W calls me Sat morning (as expected) to see when I wanted to pick up the kids. She mentions that D9 didn't want to spend the night at my place that night. I expressed my dismay at this, and a conversation ensued. We spoke of how I was supposed to be getting 3 overnights a week by now, yet it's been about 3 a month. I told her I'm wasting money on renting a place with an extra room because it goes largely unused. Also told W that the day will come, if she continues down this path, where D9 and D4 will not have any say whether they stay at one place or not - if it is in the agreement, that's how it's going to be. Also told her I don't want it to be this way, and that she's the one who wants all of this (to which she told me to stop telling her that she's the only one who wants this) and that's just the way it is going to be. I sure don't like the arrangement. She said she'd call the counselor to discuss parenting times (she has said this many times over the months, but has never acted on this...). I suspect she won't call the counselor (but if she does, it is our DB counselor, FWIW). If she does arrange a meeting, maybe something good will come of it, I don't know. My thought is that if she doesn't take that step, it is one step that is not closer to the D.

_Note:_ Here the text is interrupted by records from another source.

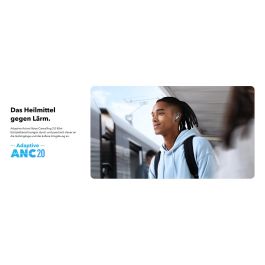 Anker Soundcore Liberty 4 NC Auriculares In-Ear True Wireless Blancos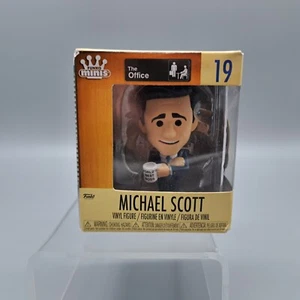 Michael Scott #19 Vinyl Figure NBC TV Show The Office Funko Minis Collectible - Picture 1 of 14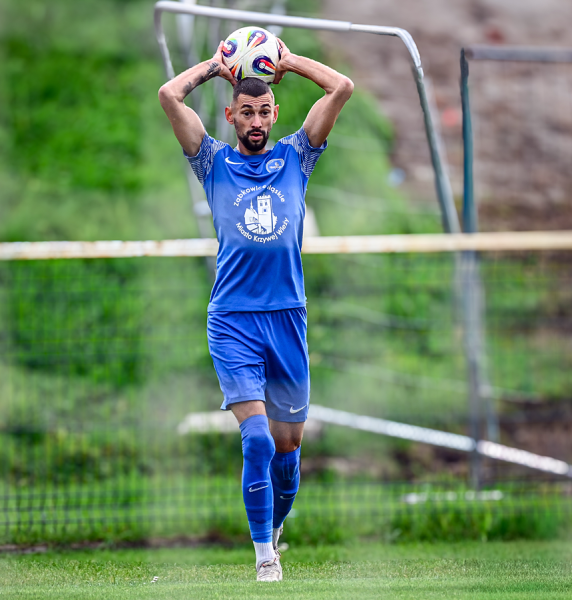IV liga: Orzeł Ząbkowice Śląskie 1:1 (0:1) Piast Żmigród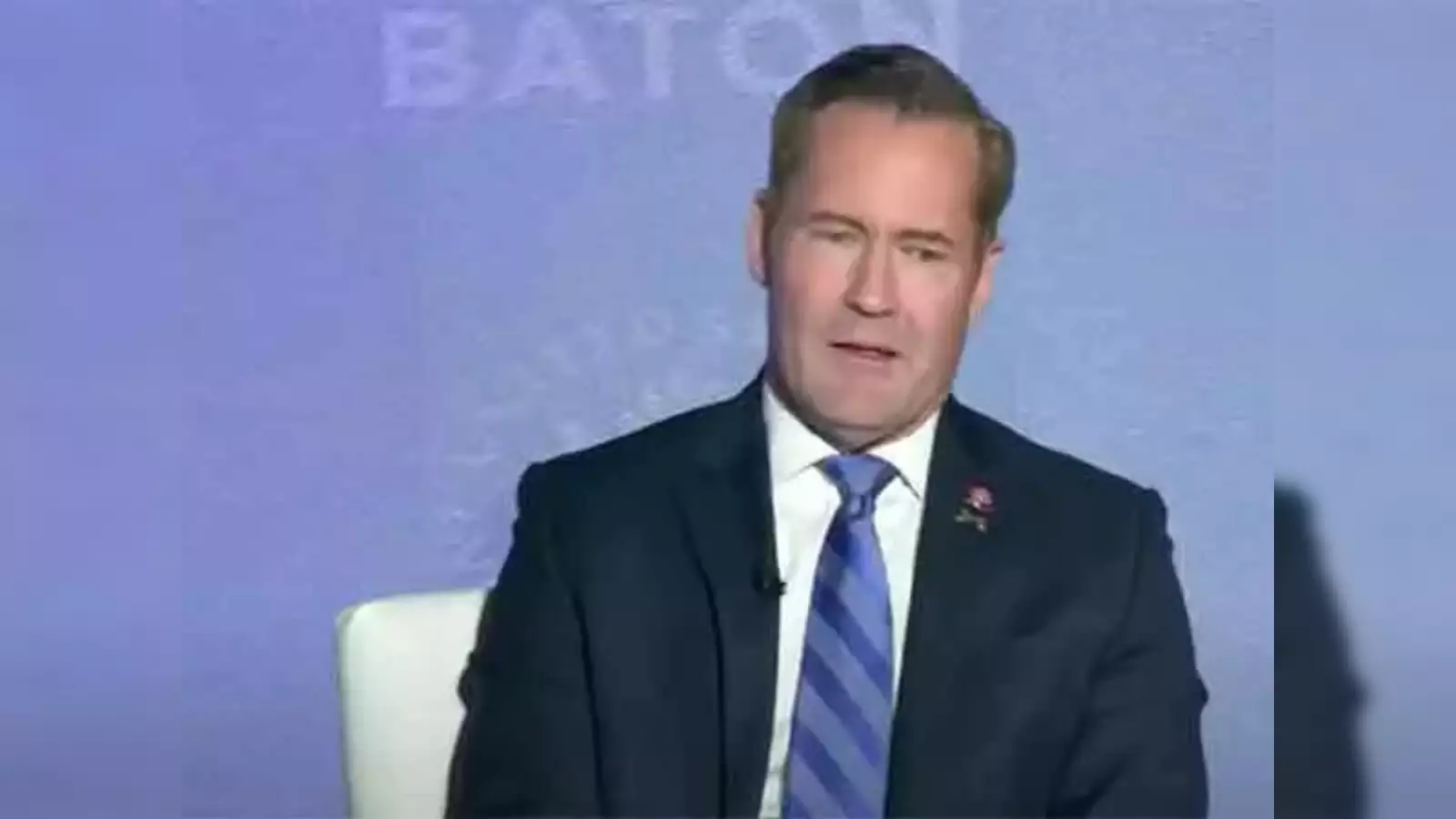 Mike Waltz, the incoming US NSA, calls India a critical partner and indicates that some of Joe Biden’s policies will continue.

So, I decided I'd be smart to cool my jets (I don't believe I was sounding angry, but the conv was a little tense and somewhat uncomfortable). So, somehow I (we) calmed the conversation, and ended on some agreeable and calm note. And, I agreed to pick up the kids at noon. OK so far.
So, about 2 hrs later, W calls me from the condo pool, and wondered if I was willing to take D9's friends home when I come to pick up D9 and D4 for the day at noon. (D9's twin friends P & M had a sleepover, and they were all now at the pool.) I told her "Sure - be glad to." - the conv was nice and friendly, as usual. I hung up with her and thought it odd that she'd call about that. P & M live only a few blocks away, and either W could walk or drive them herself, or their mom could retrieve them. But, I have taken them home before - it's no problem, as they live so close - she could have just asked me when I showed up as planned. I wonder if she was touching base with me for some reason - after our last conversation. I know, some of you are thinking "Stop worrying about what you believe SHE thinks..." I am getting SLOWLY better at detaching, and not thinking that way, but still it struck me as a bit odd.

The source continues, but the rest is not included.